◆ WHAT NEEDS TO BE DONE ◆
Only the text of the records belongs in the answer, copied exactly and without pictures.

◆ DATASET EXCERPTS ◆
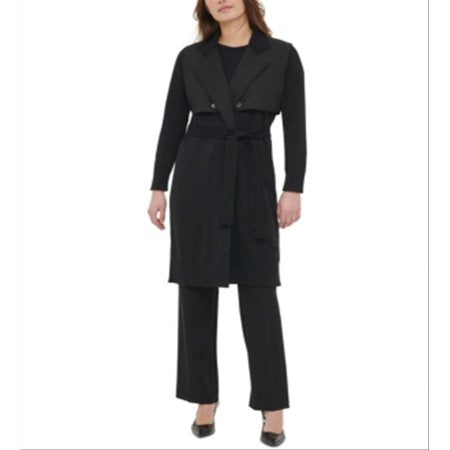 Calvin Klein Women's Black Trench Cardigan Size Large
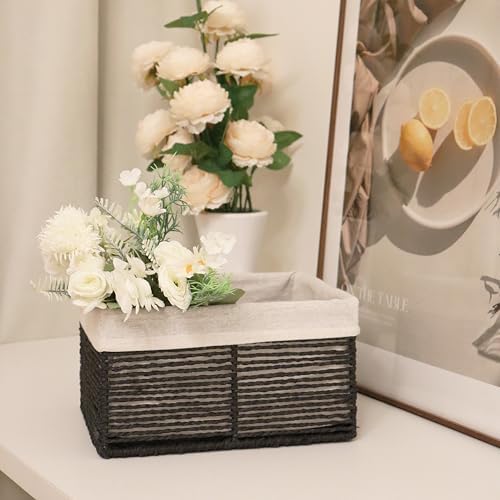 GYASVWU Hand-Woven Paper Rope Storage Baskets,Rectangular Wicker Baskets for Organizing,Decorative Woven Basket for Storage,Shelf Basket for Living Room,Storage Baskets for Pantry (Black - Large)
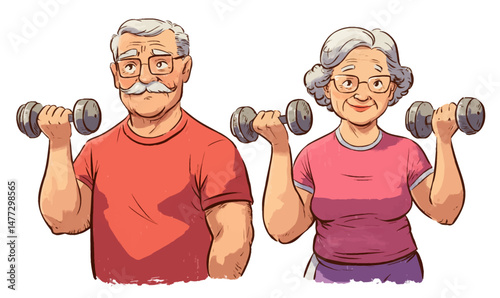 An elderly man and woman confidently lift dumbbells while smiling, showcasing their commitment to fitness in a bright indoor environment. Their camaraderie is evident as they encourage each other.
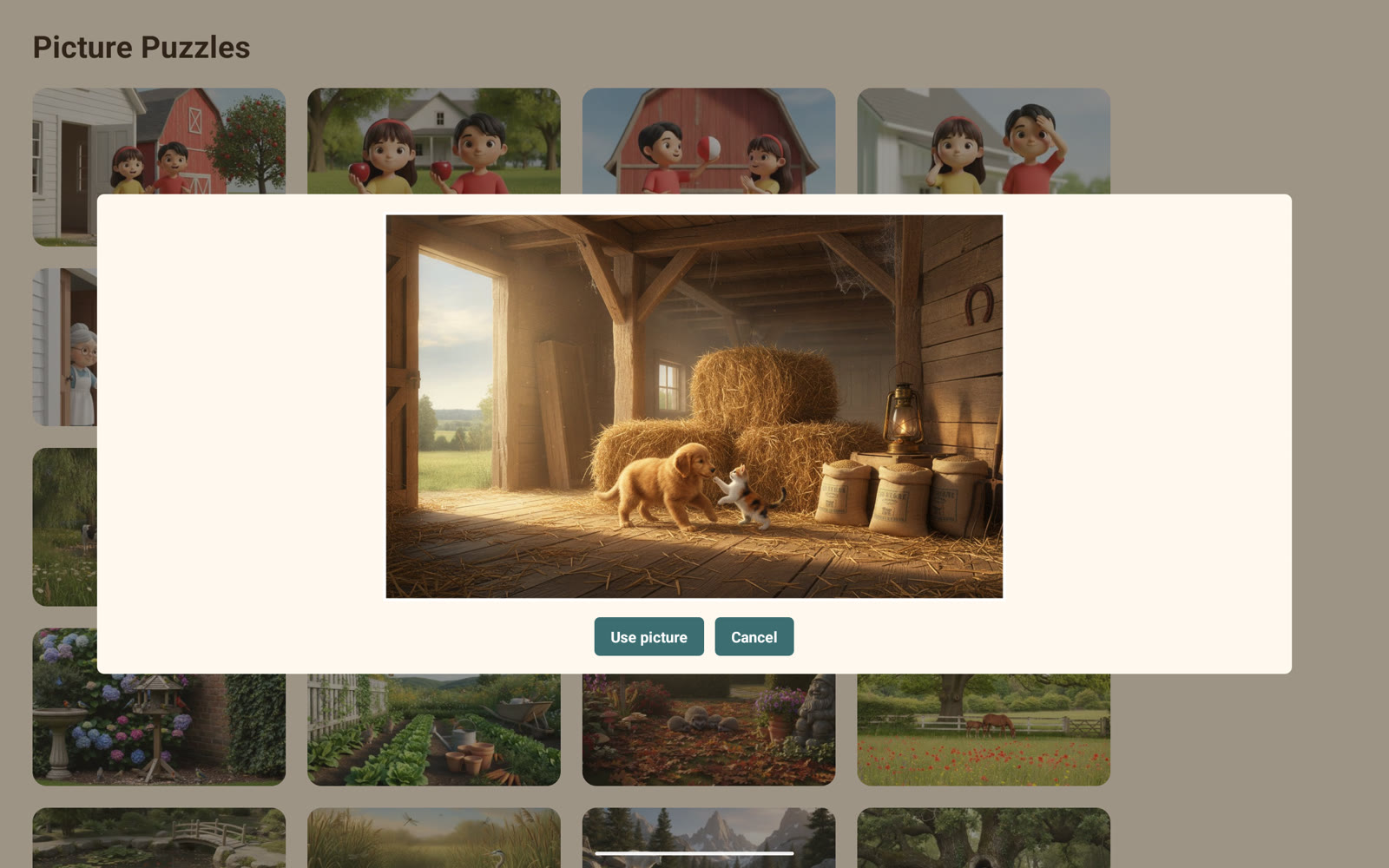 The import crop preview: a photo of a puppy meeting a kitten in a sunlit barn, framed inside the puzzle's crop guide, with Use and Cancel choices.
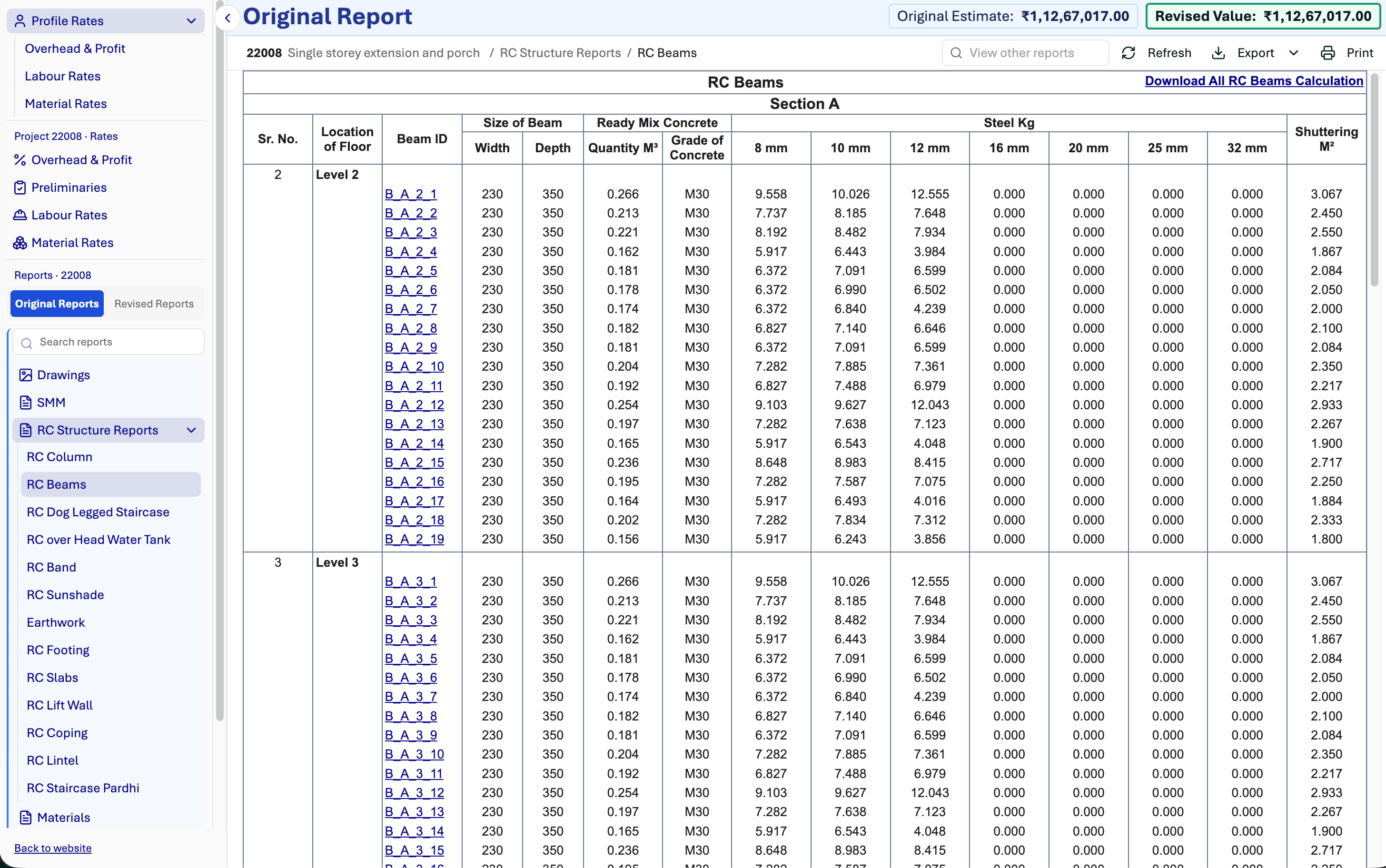 Sample project dashboard showing the RC Beams report, quantities and project rates
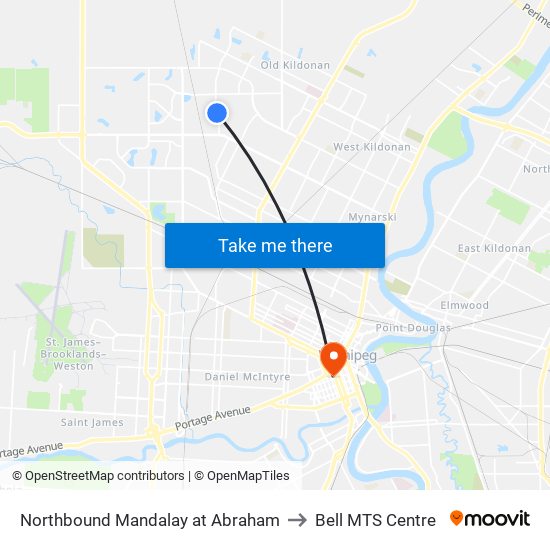 Northbound Mandalay at Abraham to Bell MTS Centre map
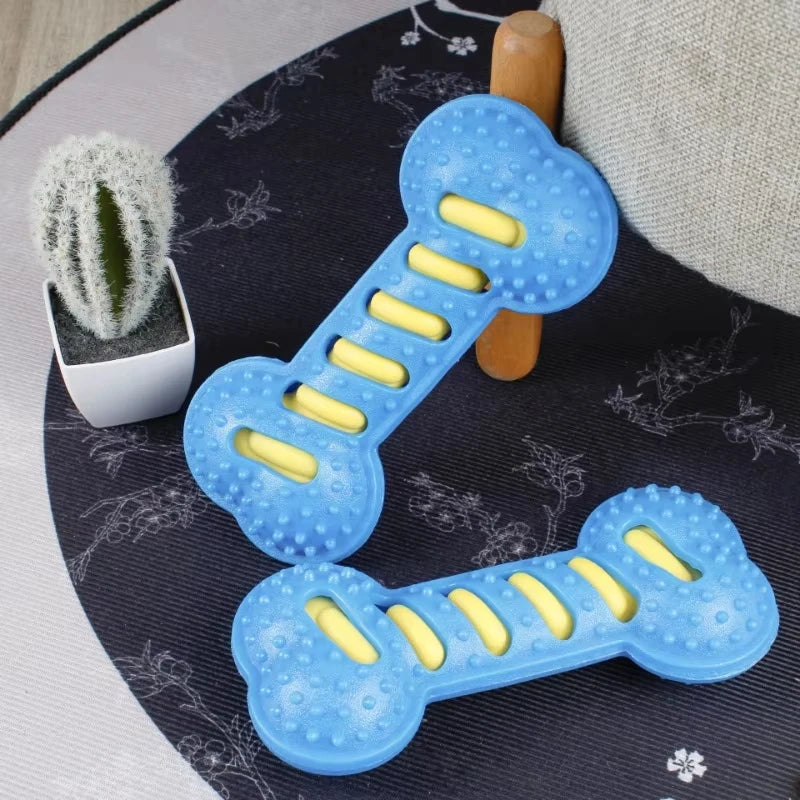 Durable Rubber Bone Chew Toy for Dogs - Interactive Squeaky Puppy Plaything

◆ YOUR SOLUTION ◆
 Calvin Klein Women's Black Trench Cardigan Size Large
 GYASVWU Hand-Woven Paper Rope Storage Baskets,Rectangular Wicker Baskets for Organizing,Decorative Woven Basket for Storage,Shelf Basket for Living Room,Storage Baskets for Pantry (Black - Large)
 An elderly man and woman confidently lift dumbbells while smiling, showcasing their commitment to fitness in a bright indoor environment. Their camaraderie is evident as they encourage each other.
 The import crop preview: a photo of a puppy meeting a kitten in a sunlit barn, framed inside the puzzle's crop guide, with Use and Cancel choices.
 Sample project dashboard showing the RC Beams report, quantities and project rates
 Northbound Mandalay at Abraham to Bell MTS Centre map
 Durable Rubber Bone Chew Toy for Dogs - Interactive Squeaky Puppy Plaything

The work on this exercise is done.